ScreeningNotes’s review published on Letterboxd:
"I barely recognize myself anymore."
When I started getting panic attacks over a decade ago, my psychologist prescribed me a selective serotonin reuptake inhibitor, a fairly common medication for anxiety, but I worried that it would change who I am, that it would affect my identity in some irreversible way. What was I so worried about? There's social pressure to act a certain way in company, to behave properly and to "be" "normal," but that's not exactly what I was afraid of losing—I've never been any good at that stuff to begin with. There was something deeper that I was desperately clinging to. It's not that I was worried I would feel or act differently, I was worried I would lose some ineffable part of myself, whether I could really describe what that was or even whether I would really be any different without it.

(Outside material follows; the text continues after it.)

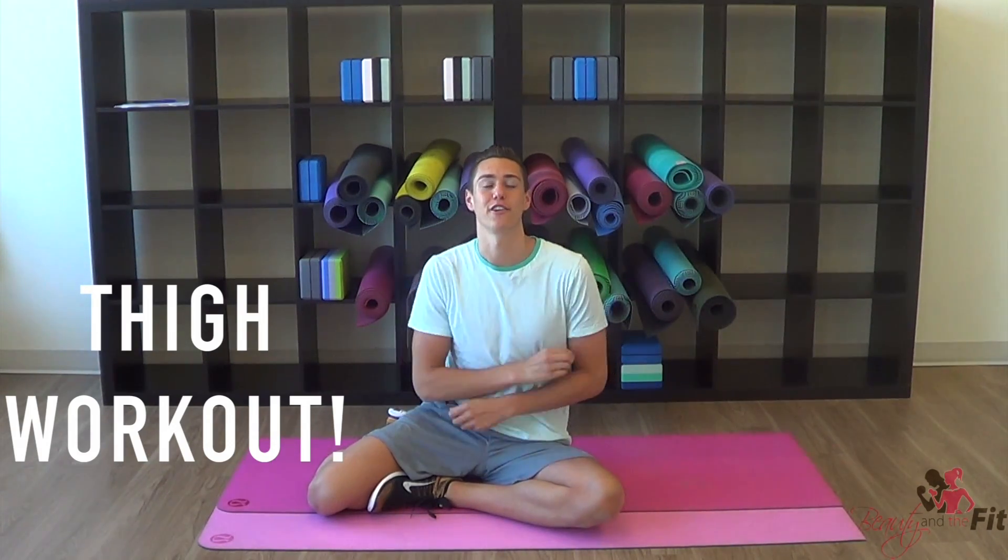Hi guys, this is Zachary Furrito, creator of beautyandthefit.com, and in this video we are doing a thigh workout. We're going to sculpt and create lean, tight, sexy legs so that you're going to rock your swimsuit in the summertime. Everything is done on the mat, so make sure you have a bottle of water and a mat and let's do this workout together.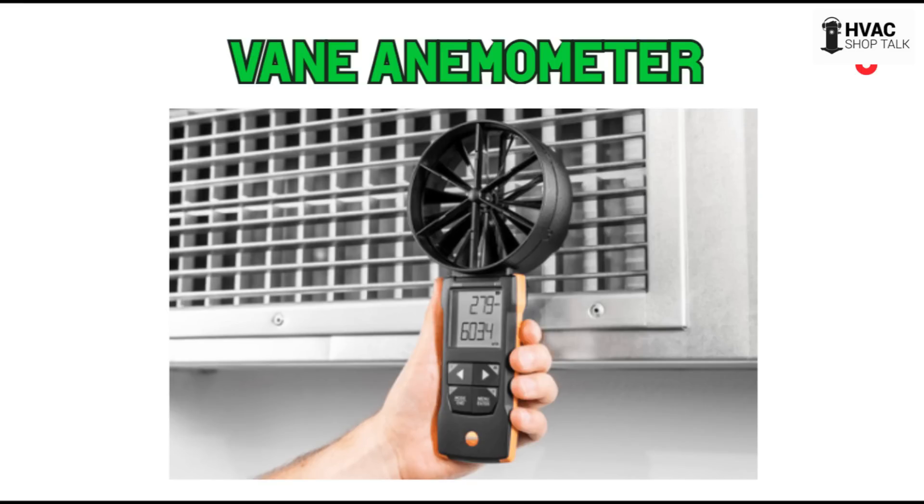Basically, air is either blowing across this thing or drawing through it. On a return I think of it as drawing through it. You're measuring how fast that air is getting through there, and then you're going to make a calculation based on how big the grill is to get a CFM measurement.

This anxiety is what drives the film, the idea that a parasite could enter our brain and inject bad thoughts into it and change who we are. The opening image of the film presents an elegant visual metaphor: a needle penetrates a skull. This happens to be important for the plot as well—it's the method that Tasya Vos and her agency of assassins use to control the human hosts who become their vessels—but it also instantly communicates the fragility of the division between mind and body, the instability of our control over our own brain, and thus the vulnerability of our identity. When Vos returns from her missions, she's tasked with identifying items, and not any random objects but ones that have personal significance to her. They are not simply evaluating her brain function, they are assessing the stability of her identity.
But off in the shadows, just out of sight of all this empathy the film expresses for the delicate nature of the human body and the tenuous grasp it holds over its own psychology, lingers something more sinister. Vos's mind gets stuck on the image of her knife penetrating her target's neck, the phallic metal disappearing beneath the pulsing vaginal flesh, the blood gushing from the wound. This image haunts her in a traumatic way, but perhaps not precisely in the way we might expect. The image of the knife wound significantly returns to her in the middle of a powerful orgasm. In addition to her corporeal concerns and her psychic stressors, Vos has some sexual hang-ups as well. Her target sees the cracks in her disguise when she shows too much thirst for him, and slowly her professionalism is overtaken by perversion.
One of the objects which Vos is called on to identify after her missions is a pinned butterfly. She describes killing and mounting it with perhaps a bit too much of a smile. Even without intruders, the mind is a treacherous place to be—and we're stuck in there forever.
"You've gone strange on me."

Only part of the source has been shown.